* What you have to do: Look through the records below for the line with "Klatka. - Średnia" and the line with "Ripper🗡️ tweet media", then return those lines and all lines between, exactly.

* Records to use:
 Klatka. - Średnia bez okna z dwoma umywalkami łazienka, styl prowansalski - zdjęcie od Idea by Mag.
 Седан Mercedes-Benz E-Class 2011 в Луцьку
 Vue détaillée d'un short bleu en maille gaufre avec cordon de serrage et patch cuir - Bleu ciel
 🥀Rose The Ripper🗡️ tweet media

==

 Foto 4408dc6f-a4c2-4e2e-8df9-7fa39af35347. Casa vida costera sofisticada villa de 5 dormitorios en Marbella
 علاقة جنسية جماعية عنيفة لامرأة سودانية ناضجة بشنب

==

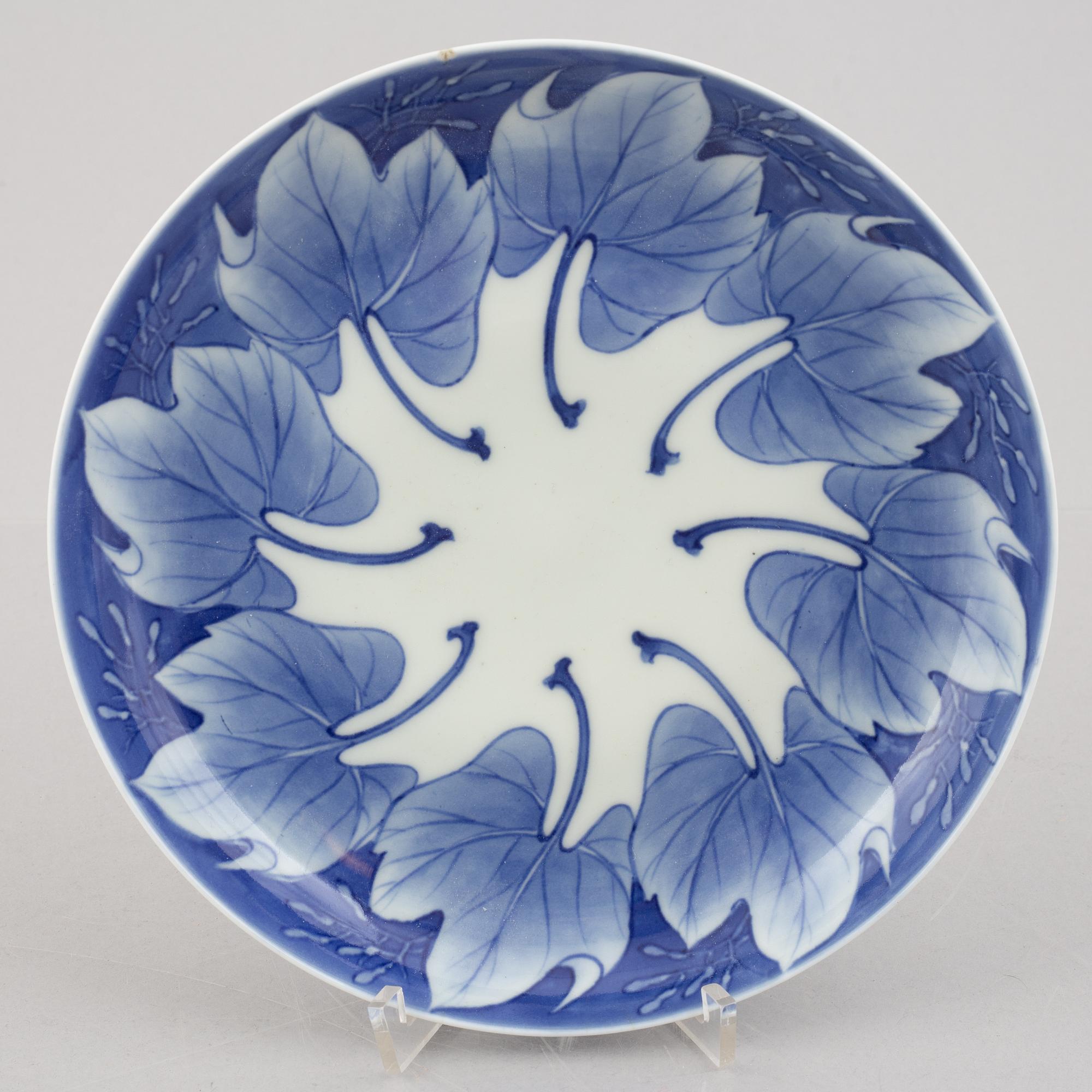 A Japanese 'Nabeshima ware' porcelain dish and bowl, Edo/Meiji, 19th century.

* Output for this exercise:
 Klatka. - Średnia bez okna z dwoma umywalkami łazienka, styl prowansalski - zdjęcie od Idea by Mag.
 Седан Mercedes-Benz E-Class 2011 в Луцьку
 Vue détaillée d'un short bleu en maille gaufre avec cordon de serrage et patch cuir - Bleu ciel
 🥀Rose The Ripper🗡️ tweet media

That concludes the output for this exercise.